Núcleo de Combatentes da Batalha

Notícias dos Combatentes

Os nossos tempos

Para o nosso artigo deste mês tínhamos vastos temas à escolha: o Coronavirus, o Luanda leaks, o hacker Rui Pinto e a pretensa intenção de o silenciar, etc.

Porém, chegou-nos ao conhecimento um texto da autoria de Helena Sacadura Cabral, economista, professora, jornalista e escritora, que consideramos excelente, pelo que nos diz sobre os pretensiosismos, snobismos e do “politicamente correto” da sociedade atual.

Com a devida vénia, transcrevemo-lo, porque entendemos que merece que todos meditemos sobre o seu conteúdo. Aqui vai ele:

“- Desde que os americanos se lembraram de começar a chamar aos pretos "afro-americanos", com vista a acabar com as raças por via gramatical, isto tem sido um fartote pegado!

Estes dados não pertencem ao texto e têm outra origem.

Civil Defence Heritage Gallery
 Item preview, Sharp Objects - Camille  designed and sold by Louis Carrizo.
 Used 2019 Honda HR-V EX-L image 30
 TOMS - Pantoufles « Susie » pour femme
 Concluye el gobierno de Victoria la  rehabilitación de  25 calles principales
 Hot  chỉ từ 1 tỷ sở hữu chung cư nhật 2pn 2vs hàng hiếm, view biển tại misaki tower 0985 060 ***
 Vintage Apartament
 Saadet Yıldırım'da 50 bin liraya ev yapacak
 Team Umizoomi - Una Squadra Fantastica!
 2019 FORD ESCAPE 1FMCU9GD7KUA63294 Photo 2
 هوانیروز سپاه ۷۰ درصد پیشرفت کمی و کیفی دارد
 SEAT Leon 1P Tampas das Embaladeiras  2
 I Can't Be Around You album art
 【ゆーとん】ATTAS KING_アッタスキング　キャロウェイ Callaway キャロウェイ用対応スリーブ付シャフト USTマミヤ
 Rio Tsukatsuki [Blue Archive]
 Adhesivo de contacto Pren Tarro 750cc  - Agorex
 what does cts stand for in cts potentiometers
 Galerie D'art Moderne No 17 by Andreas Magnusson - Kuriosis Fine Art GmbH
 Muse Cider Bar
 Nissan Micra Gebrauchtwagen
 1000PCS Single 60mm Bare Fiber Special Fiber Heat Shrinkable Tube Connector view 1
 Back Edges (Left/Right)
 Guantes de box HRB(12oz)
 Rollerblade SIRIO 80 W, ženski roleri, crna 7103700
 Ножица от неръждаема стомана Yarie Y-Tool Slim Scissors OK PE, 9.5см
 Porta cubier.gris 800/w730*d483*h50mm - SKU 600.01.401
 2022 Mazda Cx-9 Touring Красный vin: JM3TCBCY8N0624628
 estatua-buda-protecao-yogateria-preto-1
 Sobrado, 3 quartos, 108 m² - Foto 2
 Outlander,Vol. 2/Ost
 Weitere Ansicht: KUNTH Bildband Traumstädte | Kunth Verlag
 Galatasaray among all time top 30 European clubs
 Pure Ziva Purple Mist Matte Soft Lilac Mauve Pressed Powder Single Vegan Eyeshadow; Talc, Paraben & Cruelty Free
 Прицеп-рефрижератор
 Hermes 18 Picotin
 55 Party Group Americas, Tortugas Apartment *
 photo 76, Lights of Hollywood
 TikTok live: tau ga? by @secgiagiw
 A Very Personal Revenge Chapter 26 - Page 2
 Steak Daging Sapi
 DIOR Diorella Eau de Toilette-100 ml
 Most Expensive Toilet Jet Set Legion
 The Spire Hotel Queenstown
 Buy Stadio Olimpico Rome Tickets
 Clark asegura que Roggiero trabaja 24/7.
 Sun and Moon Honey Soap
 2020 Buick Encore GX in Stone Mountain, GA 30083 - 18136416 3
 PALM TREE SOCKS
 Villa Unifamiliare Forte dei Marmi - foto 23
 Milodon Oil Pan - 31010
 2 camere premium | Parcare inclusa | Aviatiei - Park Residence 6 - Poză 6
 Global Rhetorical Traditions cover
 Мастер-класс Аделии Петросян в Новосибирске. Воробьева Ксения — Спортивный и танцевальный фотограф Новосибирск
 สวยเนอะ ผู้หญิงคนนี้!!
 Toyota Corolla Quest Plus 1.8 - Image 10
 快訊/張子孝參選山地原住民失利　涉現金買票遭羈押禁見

- As criadas dos anos 70 passaram a "empregadas domésticas" e preparam-se agora para receber a menção de "auxiliares de apoio doméstico".

- De igual modo, extinguiram-se nas escolas os "contínuos" que passaram, todos, a "auxiliares da ação educativa" e agora são "assistentes operacionais".

- Os vendedores de medicamentos, com alguma prosápia, tratam-se por "delegados de informação médica".

- E pelo mesmo processo transmudaram-se os caixeiros-viajantes em "técnicos de vendas".

- O aborto eufemizou-se em "interrupção voluntária da gravidez";

- Os gangs étnicos são "grupos de jovens";

- Os operários fizeram-se de repente "colaboradores";

- As fábricas, essas, vistas de dentro são "unidades produtivas" e vistas da estranja são "centros de decisão nacionais".

- O analfabetismo desapareceu da crosta portuguesa, cedendo o passo à "iliteracia" galopante.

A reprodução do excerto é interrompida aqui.